▶ [To do]
Look below for the line containing "Retro PU Crossbody"; from there, print each line exactly up to and including the line containing "Пральна машина OK", and stop.

▶ [Raw data]
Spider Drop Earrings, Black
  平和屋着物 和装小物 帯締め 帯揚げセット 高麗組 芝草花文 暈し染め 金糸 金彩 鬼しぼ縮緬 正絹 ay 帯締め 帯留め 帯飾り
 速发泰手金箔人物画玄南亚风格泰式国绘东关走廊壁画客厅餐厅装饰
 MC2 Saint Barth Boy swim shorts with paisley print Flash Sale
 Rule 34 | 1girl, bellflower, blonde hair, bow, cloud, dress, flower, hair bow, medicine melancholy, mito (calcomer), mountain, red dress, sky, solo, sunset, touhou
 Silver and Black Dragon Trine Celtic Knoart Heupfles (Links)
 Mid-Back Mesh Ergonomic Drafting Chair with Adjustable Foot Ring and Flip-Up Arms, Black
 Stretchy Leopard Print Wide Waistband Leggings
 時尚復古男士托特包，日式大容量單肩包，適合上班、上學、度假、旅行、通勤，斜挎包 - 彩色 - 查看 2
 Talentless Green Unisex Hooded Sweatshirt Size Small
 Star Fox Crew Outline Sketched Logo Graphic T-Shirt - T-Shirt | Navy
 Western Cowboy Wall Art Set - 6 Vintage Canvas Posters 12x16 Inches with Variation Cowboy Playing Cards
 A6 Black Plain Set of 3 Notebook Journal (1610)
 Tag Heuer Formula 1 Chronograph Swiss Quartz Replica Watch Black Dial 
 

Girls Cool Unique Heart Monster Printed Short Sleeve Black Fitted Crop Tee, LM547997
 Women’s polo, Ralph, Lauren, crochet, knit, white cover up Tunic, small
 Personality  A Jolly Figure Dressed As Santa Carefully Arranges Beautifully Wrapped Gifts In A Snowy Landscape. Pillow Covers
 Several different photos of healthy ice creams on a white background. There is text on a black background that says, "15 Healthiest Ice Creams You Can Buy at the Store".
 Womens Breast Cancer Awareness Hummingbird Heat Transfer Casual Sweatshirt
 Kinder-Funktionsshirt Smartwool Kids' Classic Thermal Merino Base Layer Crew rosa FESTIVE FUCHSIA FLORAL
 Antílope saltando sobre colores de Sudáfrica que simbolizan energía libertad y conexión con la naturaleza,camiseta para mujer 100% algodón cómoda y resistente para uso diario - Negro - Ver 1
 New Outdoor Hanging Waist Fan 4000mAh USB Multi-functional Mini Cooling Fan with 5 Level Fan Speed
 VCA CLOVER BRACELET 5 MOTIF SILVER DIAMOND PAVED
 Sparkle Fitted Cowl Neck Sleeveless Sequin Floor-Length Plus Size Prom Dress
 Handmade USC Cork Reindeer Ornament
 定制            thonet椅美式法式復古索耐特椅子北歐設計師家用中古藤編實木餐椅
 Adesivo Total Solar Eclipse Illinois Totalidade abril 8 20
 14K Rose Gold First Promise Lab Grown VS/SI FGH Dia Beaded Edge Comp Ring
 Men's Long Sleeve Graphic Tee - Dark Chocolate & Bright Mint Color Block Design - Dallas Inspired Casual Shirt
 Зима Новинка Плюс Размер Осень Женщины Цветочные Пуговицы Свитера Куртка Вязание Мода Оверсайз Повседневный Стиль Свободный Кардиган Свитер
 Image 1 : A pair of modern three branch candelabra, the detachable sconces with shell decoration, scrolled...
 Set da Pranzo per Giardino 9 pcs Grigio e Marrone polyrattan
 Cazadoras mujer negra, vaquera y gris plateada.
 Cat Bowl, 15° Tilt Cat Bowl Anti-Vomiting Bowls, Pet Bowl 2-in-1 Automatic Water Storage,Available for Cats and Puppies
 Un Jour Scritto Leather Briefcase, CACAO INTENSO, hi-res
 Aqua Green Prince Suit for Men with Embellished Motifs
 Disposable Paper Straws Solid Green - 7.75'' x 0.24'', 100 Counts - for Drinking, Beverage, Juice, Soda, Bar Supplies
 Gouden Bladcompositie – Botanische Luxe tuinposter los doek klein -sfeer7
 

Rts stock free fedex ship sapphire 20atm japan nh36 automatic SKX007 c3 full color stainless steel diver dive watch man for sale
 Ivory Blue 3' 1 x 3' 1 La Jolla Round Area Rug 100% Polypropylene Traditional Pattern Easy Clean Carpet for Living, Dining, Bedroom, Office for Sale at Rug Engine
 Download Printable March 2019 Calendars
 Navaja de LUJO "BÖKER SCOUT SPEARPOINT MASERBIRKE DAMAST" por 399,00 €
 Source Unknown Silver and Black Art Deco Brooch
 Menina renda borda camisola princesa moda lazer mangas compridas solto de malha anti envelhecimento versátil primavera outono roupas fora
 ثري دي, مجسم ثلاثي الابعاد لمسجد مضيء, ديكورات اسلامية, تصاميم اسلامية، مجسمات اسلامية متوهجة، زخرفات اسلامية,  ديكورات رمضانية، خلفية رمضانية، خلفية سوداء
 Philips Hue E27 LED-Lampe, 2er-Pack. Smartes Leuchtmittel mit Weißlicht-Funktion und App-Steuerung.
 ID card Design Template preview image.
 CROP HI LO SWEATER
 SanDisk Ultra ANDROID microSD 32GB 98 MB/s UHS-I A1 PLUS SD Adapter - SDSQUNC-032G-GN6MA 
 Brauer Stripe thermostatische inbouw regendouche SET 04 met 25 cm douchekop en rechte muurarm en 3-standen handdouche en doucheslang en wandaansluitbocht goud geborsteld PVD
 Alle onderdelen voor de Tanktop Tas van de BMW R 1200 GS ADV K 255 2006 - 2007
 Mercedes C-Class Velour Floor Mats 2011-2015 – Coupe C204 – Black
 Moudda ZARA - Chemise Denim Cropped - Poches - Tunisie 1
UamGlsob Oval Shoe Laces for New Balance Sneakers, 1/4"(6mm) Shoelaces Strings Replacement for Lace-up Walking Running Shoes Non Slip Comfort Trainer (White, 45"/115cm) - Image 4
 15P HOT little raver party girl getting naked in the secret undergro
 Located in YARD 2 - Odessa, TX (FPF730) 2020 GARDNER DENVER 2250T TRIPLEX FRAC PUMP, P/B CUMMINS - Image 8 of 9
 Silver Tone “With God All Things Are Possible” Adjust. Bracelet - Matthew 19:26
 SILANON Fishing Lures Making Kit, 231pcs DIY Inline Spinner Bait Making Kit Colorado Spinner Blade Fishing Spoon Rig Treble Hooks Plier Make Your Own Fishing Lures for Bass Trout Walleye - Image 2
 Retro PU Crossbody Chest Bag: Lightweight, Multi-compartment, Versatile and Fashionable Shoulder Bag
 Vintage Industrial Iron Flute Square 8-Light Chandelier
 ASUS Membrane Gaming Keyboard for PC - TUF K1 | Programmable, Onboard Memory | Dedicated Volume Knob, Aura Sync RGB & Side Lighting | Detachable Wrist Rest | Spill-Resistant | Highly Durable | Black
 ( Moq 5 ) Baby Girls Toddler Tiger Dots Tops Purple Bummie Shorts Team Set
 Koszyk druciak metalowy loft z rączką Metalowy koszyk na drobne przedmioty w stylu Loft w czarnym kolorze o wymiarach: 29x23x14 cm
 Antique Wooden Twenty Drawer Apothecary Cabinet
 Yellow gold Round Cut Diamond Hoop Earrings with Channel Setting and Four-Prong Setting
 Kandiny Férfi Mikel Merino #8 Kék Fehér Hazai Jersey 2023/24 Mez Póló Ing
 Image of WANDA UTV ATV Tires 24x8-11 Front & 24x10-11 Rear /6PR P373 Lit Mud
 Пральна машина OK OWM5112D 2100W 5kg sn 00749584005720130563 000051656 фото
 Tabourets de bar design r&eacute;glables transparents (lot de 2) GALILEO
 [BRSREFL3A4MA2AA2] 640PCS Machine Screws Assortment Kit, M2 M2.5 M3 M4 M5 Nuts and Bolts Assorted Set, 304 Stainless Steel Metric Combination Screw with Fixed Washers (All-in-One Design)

▶ [Task output]
 Retro PU Crossbody Chest Bag: Lightweight, Multi-compartment, Versatile and Fashionable Shoulder Bag
 Vintage Industrial Iron Flute Square 8-Light Chandelier
 ASUS Membrane Gaming Keyboard for PC - TUF K1 | Programmable, Onboard Memory | Dedicated Volume Knob, Aura Sync RGB & Side Lighting | Detachable Wrist Rest | Spill-Resistant | Highly Durable | Black
 ( Moq 5 ) Baby Girls Toddler Tiger Dots Tops Purple Bummie Shorts Team Set
 Koszyk druciak metalowy loft z rączką Metalowy koszyk na drobne przedmioty w stylu Loft w czarnym kolorze o wymiarach: 29x23x14 cm
 Antique Wooden Twenty Drawer Apothecary Cabinet
 Yellow gold Round Cut Diamond Hoop Earrings with Channel Setting and Four-Prong Setting
 Kandiny Férfi Mikel Merino #8 Kék Fehér Hazai Jersey 2023/24 Mez Póló Ing
 Image of WANDA UTV ATV Tires 24x8-11 Front & 24x10-11 Rear /6PR P373 Lit Mud
 Пральна машина OK OWM5112D 2100W 5kg sn 00749584005720130563 000051656 фото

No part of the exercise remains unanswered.